However, Tim Ritchie, chief executive of the Meat Industry Association (MIA), says the government appears to have based its target on a range of global emissions scenarios in the IPCC report.

“We are concerned the government has cherry-picked aspects of a report summarising global emission pathway scenarios and applied it to New Zealand.

“Their target is contrary to science-based policy. The science indicates that to achieve a goal of no increased global warming from agriculture, nitrous oxide emissions from agriculture must come down to net zero as quickly as possible, but methane only requires a slow decline in the order of 0.3 percent a year.

“This equates to a methane reduction of 10 percent by 2050 (up to 22 percent if the rest of the world achieves significant emissions reductions). The science for this figure is accepted by a number of reputable scientists, who have advised the Government and the Parliamentary Commissioner for the Environment.

“It is strange that the government’s proposed targets for agriculture are absolute with no offsetting to be counted by farmers planting trees. This is completely contrary to the Parliamentary Commissioner for the Environment’s recent report. It would lead to the bizarre situation where fossil fuel emitters can offset their emissions by buying forest, but a farmer cannot offset their emissions by planting forest on their own land.”

Ritchie says the government’s proposed emissions targets are simply not possible with current technologies and farming methods, short of a significant decrease in pastoral agriculture.

“This will impose enormous economic costs on the country and threaten many regional communities who depend on pastoral agriculture.

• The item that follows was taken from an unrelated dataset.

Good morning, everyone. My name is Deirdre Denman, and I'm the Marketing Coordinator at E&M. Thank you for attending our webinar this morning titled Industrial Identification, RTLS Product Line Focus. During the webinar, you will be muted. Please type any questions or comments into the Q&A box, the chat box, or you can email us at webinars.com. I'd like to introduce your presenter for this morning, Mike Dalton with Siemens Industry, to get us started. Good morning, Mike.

“Such a reduction in farm production will have a serious domino effect onto meat processors, exporters and the wider economy. It is astonishing the government is seeking to do this to New Zealand’s second biggest earner of foreign exchange and a major employer in the regions.”

The meat processing and export industry agrees with the science underpinning climate change, says Ritchie.

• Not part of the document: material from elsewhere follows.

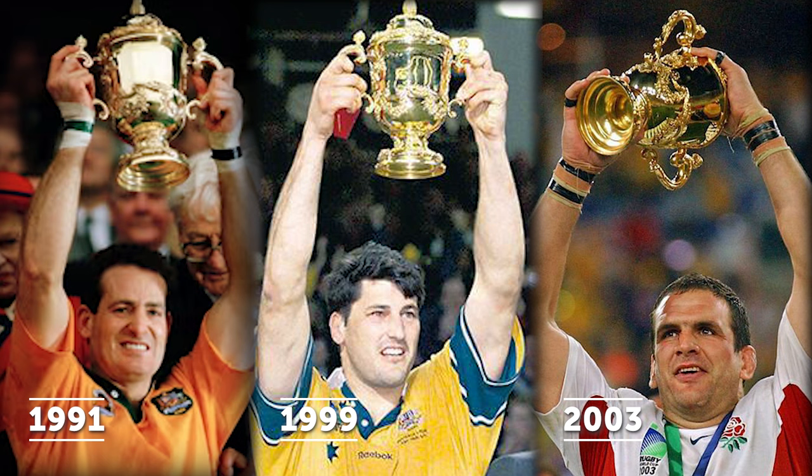South Africa's victory in 2019 moved them ahead of Australia, who have won the tournament twice. England is the only Northern Hemisphere team to have won the Rugby World Cup, doing so in 2003.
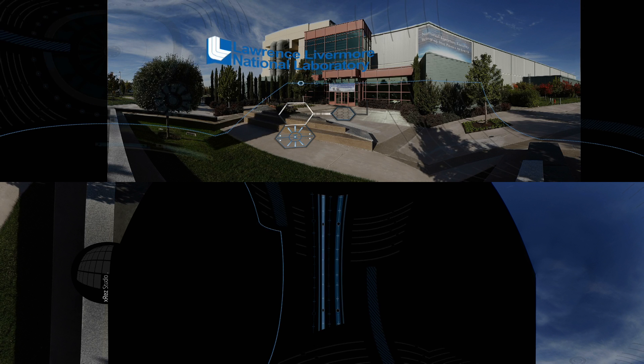Welcome to the National Ignition Facility at Lawrence Livermore National Laboratory, the world's largest and most energetic laser system, drawing researchers from around the globe for experiments that can't be conducted anywhere else on Earth. Let's take a closer look.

“The industry accepts the need to address climate change. We want an agricultural sector that is not contributing to increased global warming.

“The pastoral sector has been working hard to devise a credible and robust framework to enable farms to transition to lower emissions, one which will not cripple agriculture and harm the New Zealand economy. What the government is proposing will completely undermine our efforts to achieve a sustainable pastoral sector by 2050.

“The government needs to go back and talk to the pastoral industry about how it can achieve the ambition we all share of a New Zealand agricultural sector that is not contributing to increased global warming,” says Ritchie.